__Your instructions__
Set down word for word the lines that begin the entries and run through the line containing "Chris Brown Indigo". Give nothing further.

[Opening Supplied material section]

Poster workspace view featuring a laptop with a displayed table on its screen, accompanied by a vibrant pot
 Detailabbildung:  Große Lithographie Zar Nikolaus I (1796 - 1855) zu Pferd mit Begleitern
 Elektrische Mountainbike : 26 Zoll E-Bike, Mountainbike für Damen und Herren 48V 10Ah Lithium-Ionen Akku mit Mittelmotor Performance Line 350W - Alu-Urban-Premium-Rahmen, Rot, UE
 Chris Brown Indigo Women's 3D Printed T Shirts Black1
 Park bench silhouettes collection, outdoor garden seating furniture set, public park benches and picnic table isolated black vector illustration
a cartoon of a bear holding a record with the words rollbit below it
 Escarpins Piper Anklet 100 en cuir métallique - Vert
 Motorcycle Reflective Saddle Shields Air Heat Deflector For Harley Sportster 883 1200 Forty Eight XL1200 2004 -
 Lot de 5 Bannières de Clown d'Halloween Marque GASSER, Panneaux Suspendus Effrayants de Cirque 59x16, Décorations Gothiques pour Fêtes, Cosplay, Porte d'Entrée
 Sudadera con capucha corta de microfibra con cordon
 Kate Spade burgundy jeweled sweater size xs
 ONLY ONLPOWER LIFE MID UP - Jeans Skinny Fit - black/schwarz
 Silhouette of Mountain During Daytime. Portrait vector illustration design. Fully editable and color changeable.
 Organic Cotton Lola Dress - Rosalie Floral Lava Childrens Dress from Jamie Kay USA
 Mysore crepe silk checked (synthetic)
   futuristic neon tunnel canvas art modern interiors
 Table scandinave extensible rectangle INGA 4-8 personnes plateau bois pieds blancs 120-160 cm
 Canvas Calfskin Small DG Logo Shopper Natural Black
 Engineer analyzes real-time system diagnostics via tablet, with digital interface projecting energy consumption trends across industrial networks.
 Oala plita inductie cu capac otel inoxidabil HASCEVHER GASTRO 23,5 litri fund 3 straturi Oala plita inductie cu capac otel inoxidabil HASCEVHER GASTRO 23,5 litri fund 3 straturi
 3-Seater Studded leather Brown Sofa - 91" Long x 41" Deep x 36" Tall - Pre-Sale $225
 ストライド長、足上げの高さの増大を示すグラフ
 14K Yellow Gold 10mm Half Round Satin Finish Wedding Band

[Closing Supplied material section]

__Written answer__
Poster workspace view featuring a laptop with a displayed table on its screen, accompanied by a vibrant pot
 Detailabbildung:  Große Lithographie Zar Nikolaus I (1796 - 1855) zu Pferd mit Begleitern
 Elektrische Mountainbike : 26 Zoll E-Bike, Mountainbike für Damen und Herren 48V 10Ah Lithium-Ionen Akku mit Mittelmotor Performance Line 350W - Alu-Urban-Premium-Rahmen, Rot, UE
 Chris Brown Indigo Women's 3D Printed T Shirts Black1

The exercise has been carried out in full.